Договорившись, мы с разбега влетели в воду и принялись лупить их копытами, нарочно поднимая брызги, чтобы ослепить. Волки барахтались в воде, шкуры у них намокли, и двигались они тяжело. Я выкинул вперёд ноги, метя в одного, но тот ловко ушёл от удара, и я, резко повернувшись, обрушился копытами на спину другого. Он тут же скрылся под водой, и я стал удерживать его там, чтобы он захлебнулся. Из-под воды пошли пузыри, а в это время другой волк метнулся прямо к шее моей возлюбленной. Видя, что дело худо, я оставил своего утопленника и ударом задних ног попал второму волку в голову. Череп хрустнул под моими копытами, волк мешком свалился в воду и уже не шевелился. Только по бьющему хвосту было ясно, что он ещё жив. Другой, полузадохшийся, с трудом выбрался на берег. Мокрая шерсть прилипла к бокам, кости торчат, страшно смотреть. За ним бросилась моя возлюбленная, преградив ему дорогу, и спила лягать. Стараясь увернуться, он катался по песку, но в конце концов снова угодил в реку, где получил от меня страшный удар в голову. Глаза его сверкнули зеленоватым блеском и стали тускнеть. Чтобы увериться, что волки мертвы, мы лягали их по очереди, пока их тела не застряли в камнях на дне. Почти на полреки вода помутнела и окрасилась волчьей кровью.
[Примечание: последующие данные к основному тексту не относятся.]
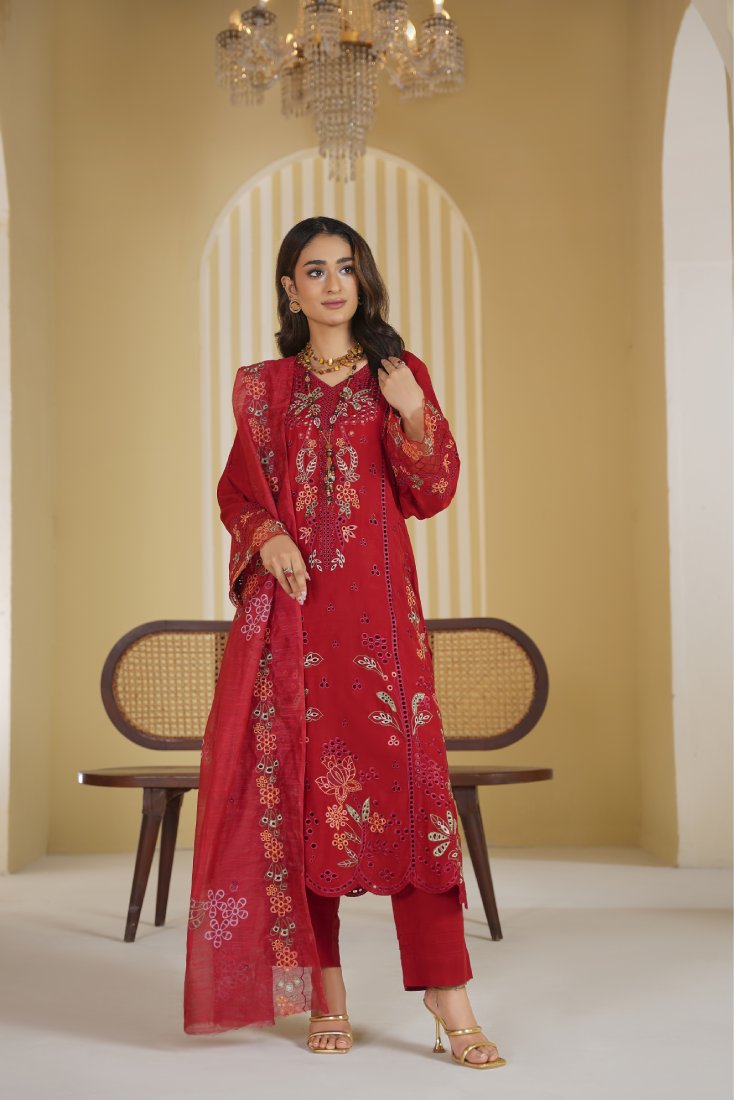 Crimson Rani Embroidered Stitched Suit – 1007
Плечом к плечу мы побрели вверх по течению и остановились, лишь когда вода стала чистой и исчез отвратительный запах крови. Ослица глянула на меня искоса и с призывным ржанием любовно куснула. Потом повернулась, чтобы мне было удобно.
— Любимый, хочу тебя, иди ко мне.
И вот я, чистый и невинный ослик, отменно сложенный, с прекрасными генами, определяющими замечательное потомство, отдаю всё это вместе со своим ослиным целомудрием тебе, только тебе, моя милая ослица Хуахуа. Я возвысился над ней как гора, обхватив передними ногами её круп, а потом подался всем телом вперёд. Накрывший меня огромный вал радости растёкся по всему телу и выплеснулся. Силы небесные!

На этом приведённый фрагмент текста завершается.